(MATERIAL SUPPLIED)

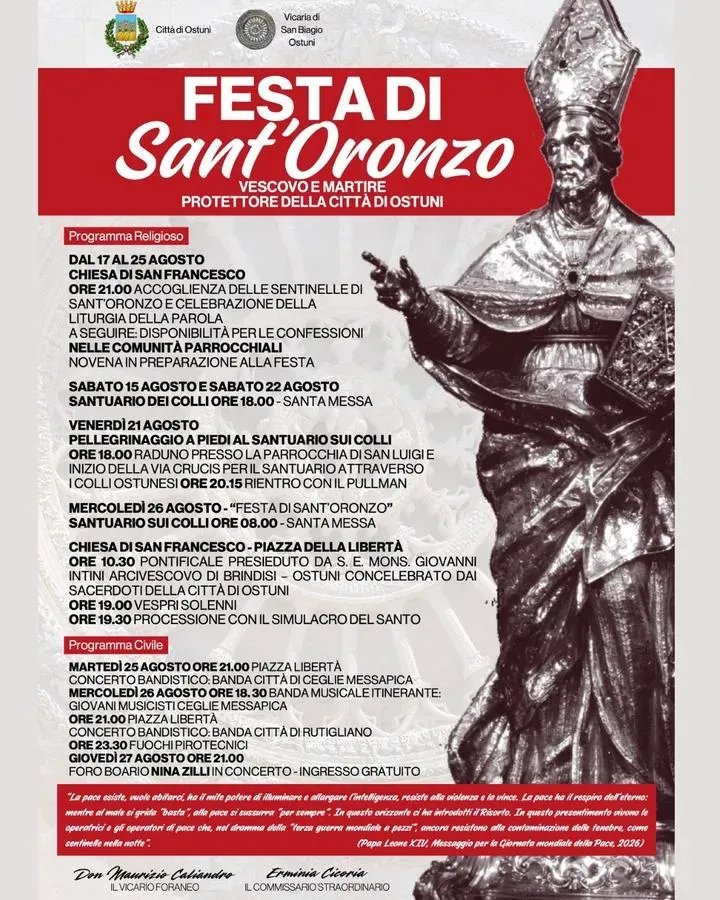 Concerto e Fuochi Sant’Oronzo - Piazza della Libertà (Ostuni - Piazza della Libertà), Ostuni (BR) - 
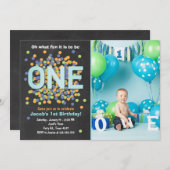 Boy First Birthday Invitation Confetti ONE blue (Devant / Derrière)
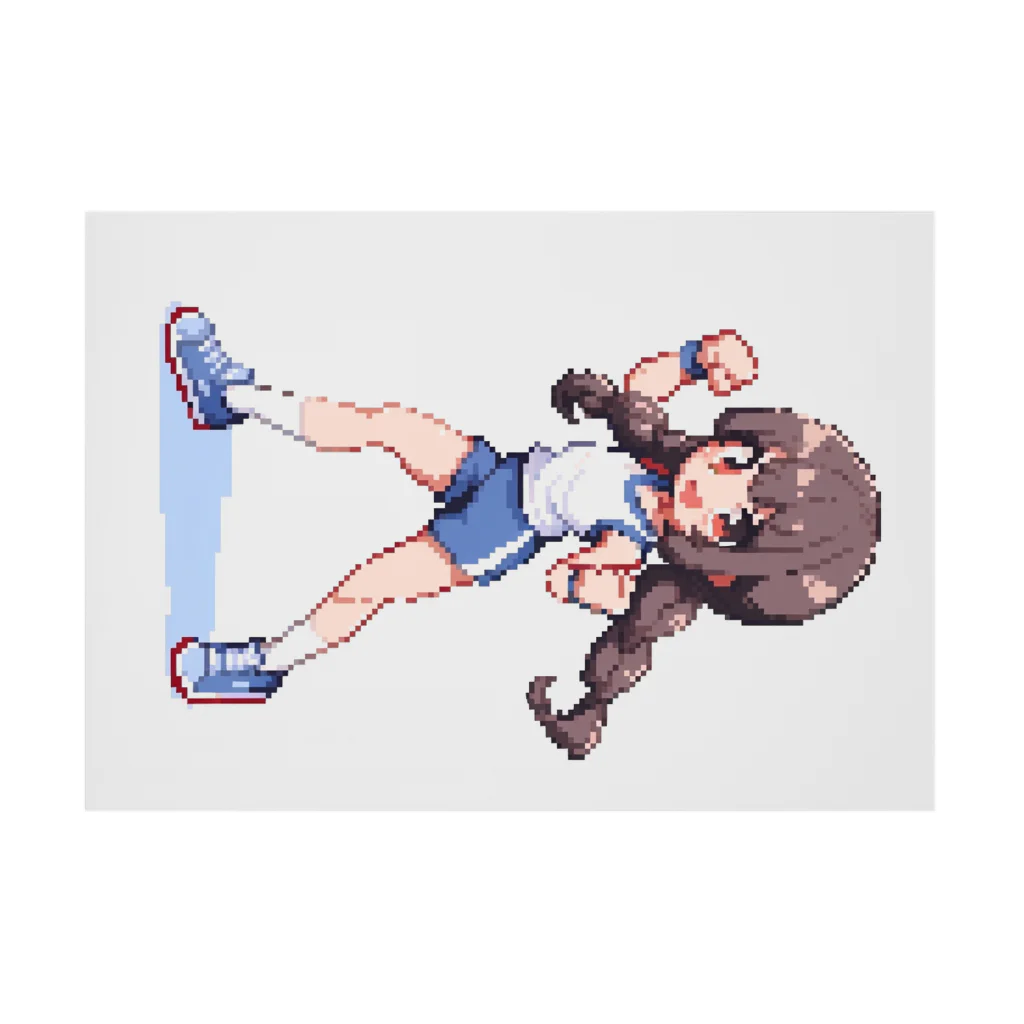 シロクマペンギンのドット絵体操服の女の子 吸着ポスターの横向き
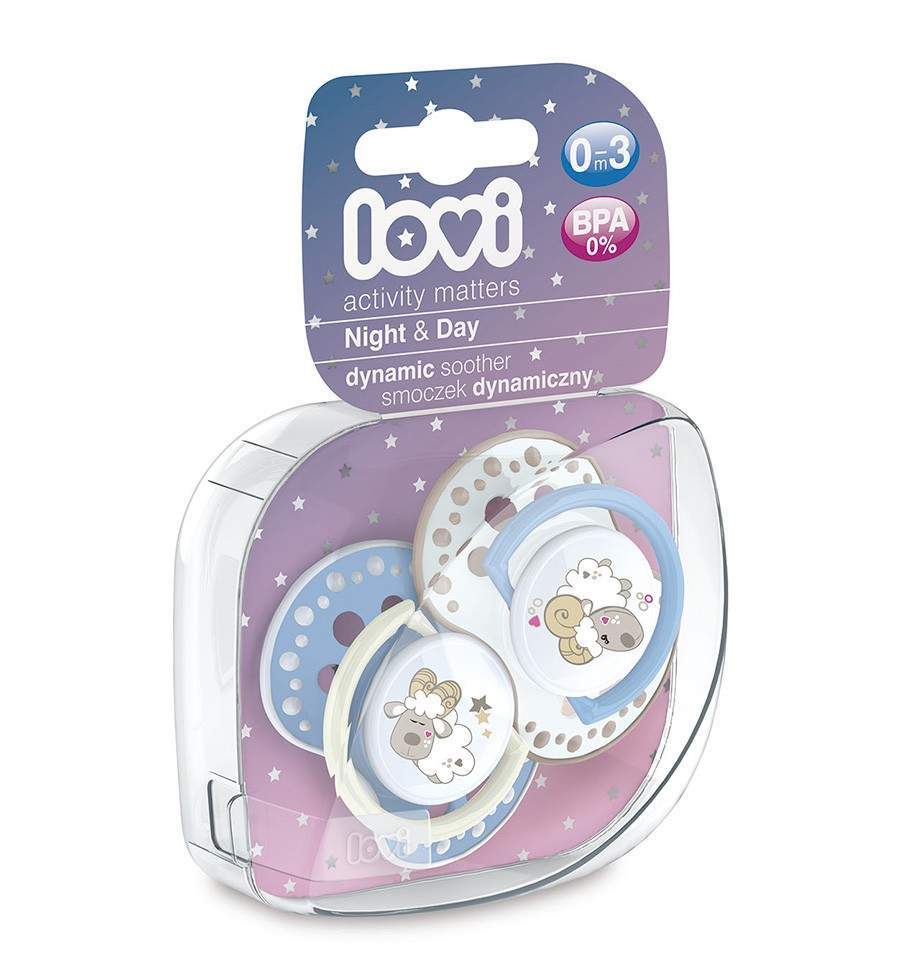 Lovi dynamický utišující dudlík Night&Day 0-3m 2 ks boy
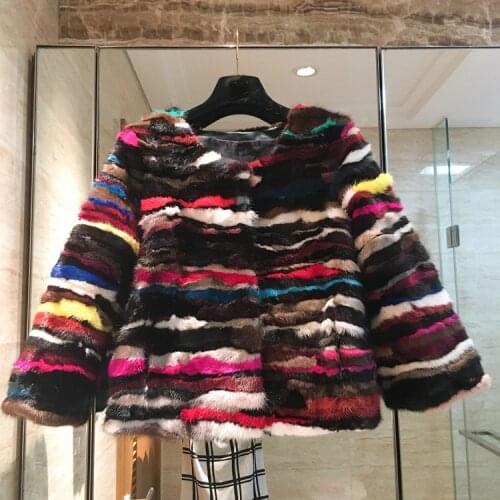 Genuine real natural mink fur coat womens fashion multi-color colorful stripe jacket warm winter 60CM length full sleeve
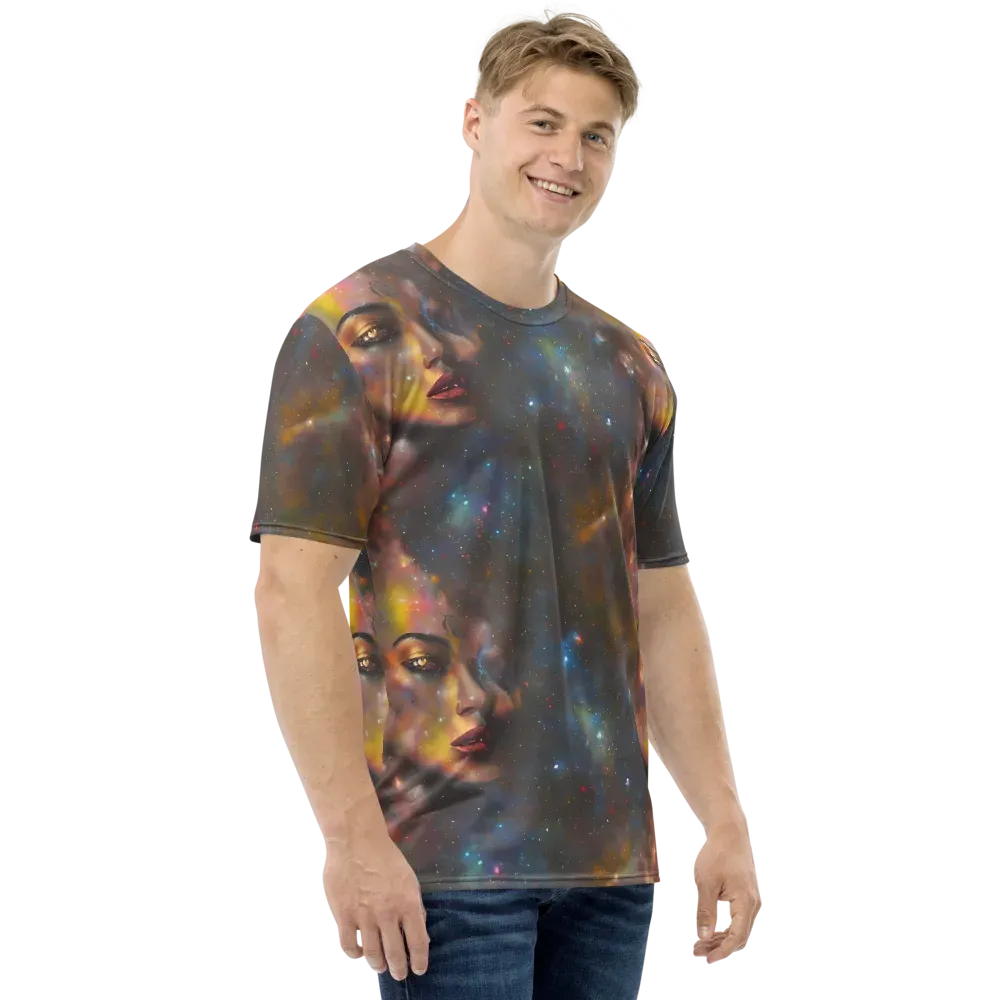 Gilded Galaxies on Men's Crew Neck T-Shirt — Right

(End MATERIAL SUPPLIED)

__EXERCISE DESCRIPTION__
Leave the pictures out and print every record exactly.

__FINISHED EXERCISE__
 Concerto e Fuochi Sant’Oronzo - Piazza della Libertà (Ostuni - Piazza della Libertà), Ostuni (BR) - 
 Boy First Birthday Invitation Confetti ONE blue (Devant / Derrière)
 シロクマペンギンのドット絵体操服の女の子 吸着ポスターの横向き
 Lovi dynamický utišující dudlík Night&Day 0-3m 2 ks boy
 Genuine real natural mink fur coat womens fashion multi-color colorful stripe jacket warm winter 60CM length full sleeve
 Gilded Galaxies on Men's Crew Neck T-Shirt — Right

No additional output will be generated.